Aprender a preparar o futuro
Naquele pequeno mundo onde Lucas aguenta o seu derradeiro calvário, vivem outras 317 crianças, das quais dez com HIV e outras órfãs e abandonadas.
O orfanato existe há 12 anos. Com sede no bairro do Zimpeto em Maputo, encontra-se espalhada por todo o país e acolhe crianças dos zero aos 18 anos em situação difícil.
No interior da instituição existe um internato, uma escola que lecciona do primeiro ao décimo segundo ano, um centro de saúde especializado em triagens, curativos e com um médico que se faz presente todos os dias no período da tarde. Cerca de 70 porcento das crianças são rapazes e 30 raparigas.
No centro de saúde existe um programa de administração de leite para crianças até um ano de idade, no qual estão inscritos 66 petizes tratados por uma médica que trabalha uma vez por semana.
O programa de administração de leite é gratuito para as crianças, incluindo as mães seropositivas. A escola e o centro de saúde estão abertos à comunidade. Com cerca de 150 trabalhadores, dos quais cozinheiros, enfermeiros, motoristas, educadores de infância, professores, entre outros, o centro dispõe de uma clínica, um berçário para crianças de zero aos quatro anos, biblioteca, e campos para a prática do desporto.
Quando uma criança atinge os 18 anos tem de deixar a casa. Então, procura-se pelos familiares e, quando não se encontra, compra-se um terreno e o jovem parte para uma nova vida. Para permitir que isso aconteça sem sobressaltos, os alunos recebem um curso profi ssionalizante como mecânica, carpintaria, serralharia alguns dos quais administrados pela União Geral das Cooperativas e outros pelo próprio centro.
Simão Macamo é um dos jovens que já atingiu os 18 anos e está de saída, nove anos depois de ter sido recolhido das ruas do grande Maputo, onde vivia para fugir da madrasta algoz. “Já tenho o meu terreno e daqui a dias é o adeus”, diz o garoto que nunca conheceu a mãe e sempre viveu com o pai até o dia em que fugiu de casa. Nove anos depois, do orfanato guardará lembranças de uma formação para lidar com o futuro.
“Aprendi muito aqui e estou preparado para seguir o meu destino”, diz. O centro tem um programa especializado na recolha das crianças da rua, mas também colabora com o Ministério da Mulher e Acção Social que identifica as crianças órfãs e vulneráveis e encaminha-as ao orfanato.

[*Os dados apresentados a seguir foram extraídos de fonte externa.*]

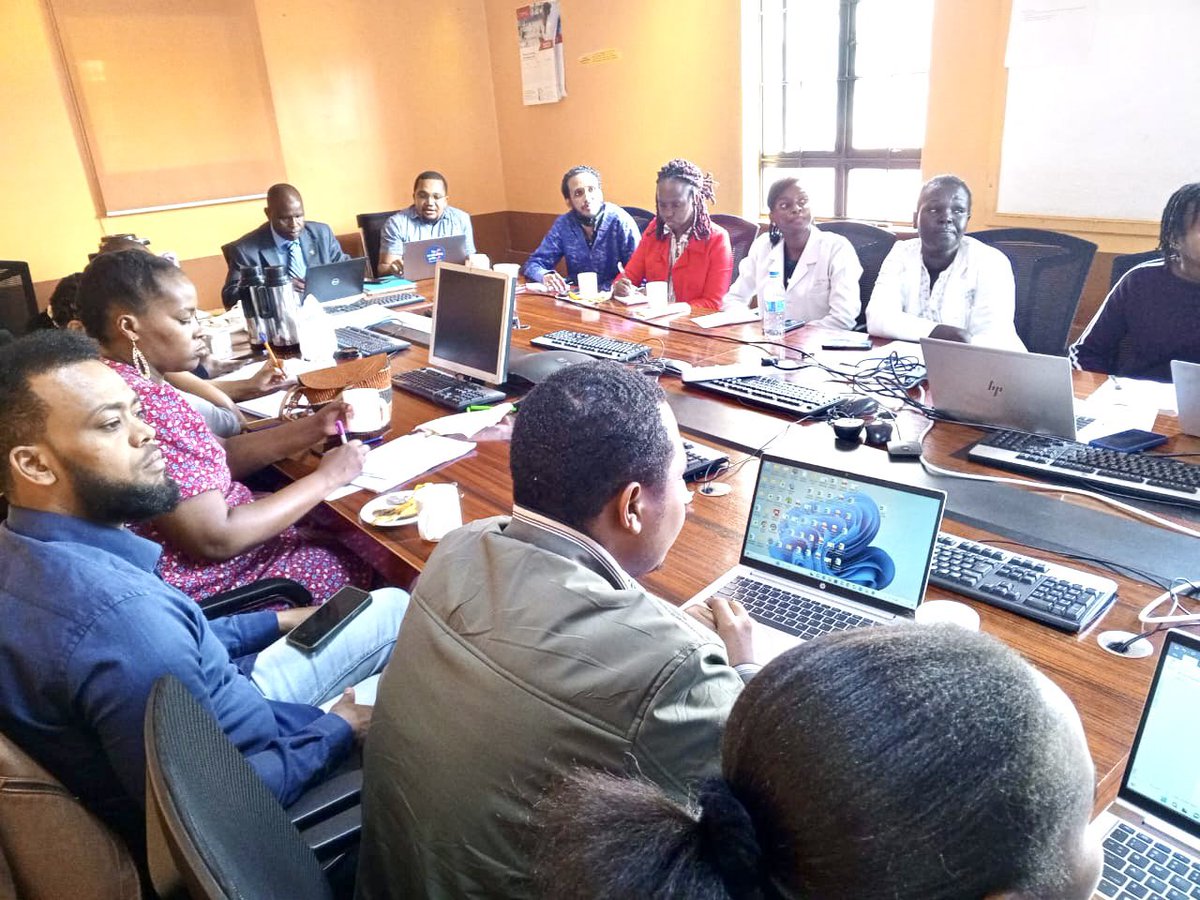 MOH_Kenya's tweet photo. Last week, the Ministry of Health proactively worked on sensitizing pediatricians to enhance their support for Polio SIA and routine immunization. The session took place at the EOC on the 18th of October, 2023. Our strong partnership with the University of Nairobi Medical School, particularly its Department of Child Health, was instrumental in this effort. The primary objective was to boost their engagement in supporting Polio initiatives.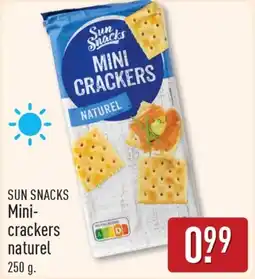ALDI Sun snacks Mini crackers naturel aanbieding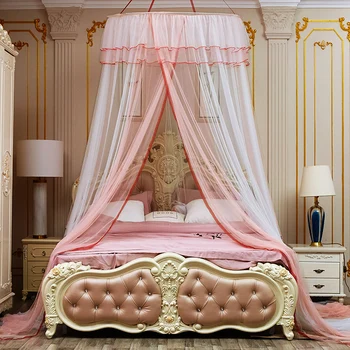 

Colorful Lace Mosquito Net 1/1.2/1.8m Double Bed Round Canopy Large Bedcover Curtain For Baby Adults Bedding Dome Mosquito Net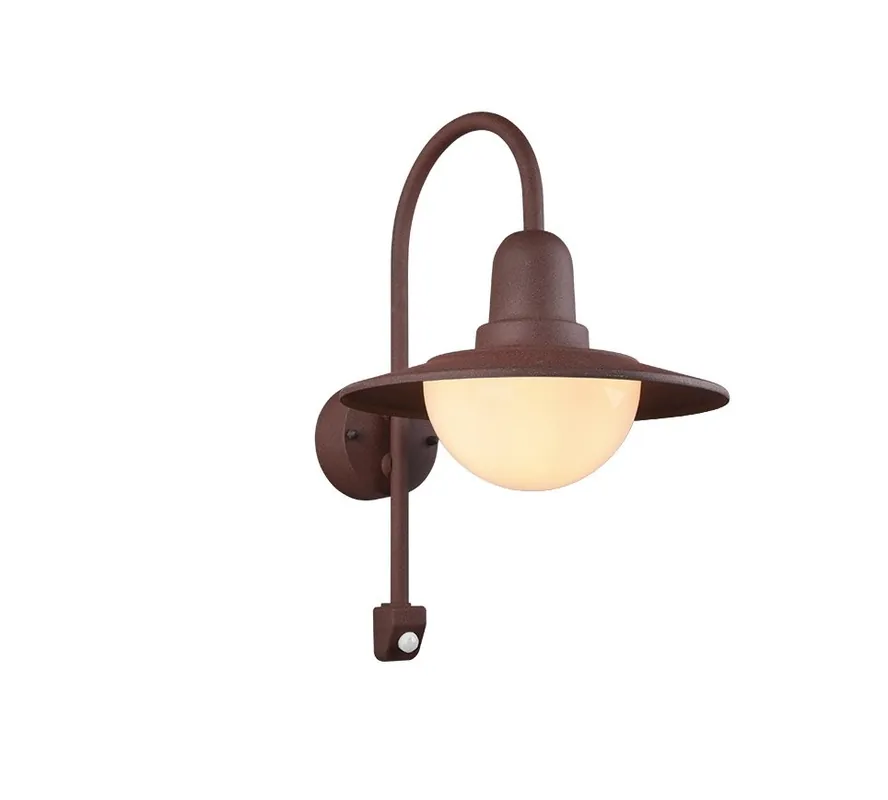 Nur Für Kurze Zeit Trio 207269124 Außenwandleuchte mit Bewegungssensor Norman 1x40w | E27 | IP44 - Braun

Trabalham também em parceria com o orfanato 1 de Maio o Ministério do Interior, através do gabinete de atendimento da mulher e da criança, a primeira esquadra e os chefes dos bairros. “Logo que as crianças chegam no centro procuramos os familiares e quando não os encontramos elas ficam aqui”, disse Francisco Mundlate.
O apoio que veio de fora
A cada fim-de-semana o orfanato acolhe novas e mais visitas. Há pessoas ou entidades que apadrinham as crianças, garantindo uma assistência no presente ou no futuro.
Nessas circunstâncias houve casos de miúdos que obtiveram bolsas de estudo para estudarem no estrangeiro. O último caso foi de um rapaz que foi estudar no Texas, Estados Unidos da América.
A história de generosidade da semana passada começou com uma parceria entre a Associação Cultura Educação e Turismo (ACETUR) e a Galilleo Moçambique que serve para minimizar o sofrimento das crianças e incentivá-las a participar em acções de interesse social e comunitário, o que irá contribuir para a melhoria da qualidade de vida e do seu bem-estar.
As duas instituições ficaram a saber da realidade das crianças do orfanato Ministério ArcoÍris, um lugar onde apesar de se viver com condições básicas mínimas sempre se precisará de apoio moral.
A ACETUR e a Gallileo não resistiram ao apelo. No sábado, 6 de Fevereiro, os funcionários juntaram-se e foram doar material escolar, alimentos, e produtos de higiene. “O nosso objectivo era doar no ano passado, mas preferimos hoje, um mês em que poucos dão e que geralmente as instituições estão a ganhar fôlego”, disse o vicepresidente da ACETUR, Dércio Chiamo.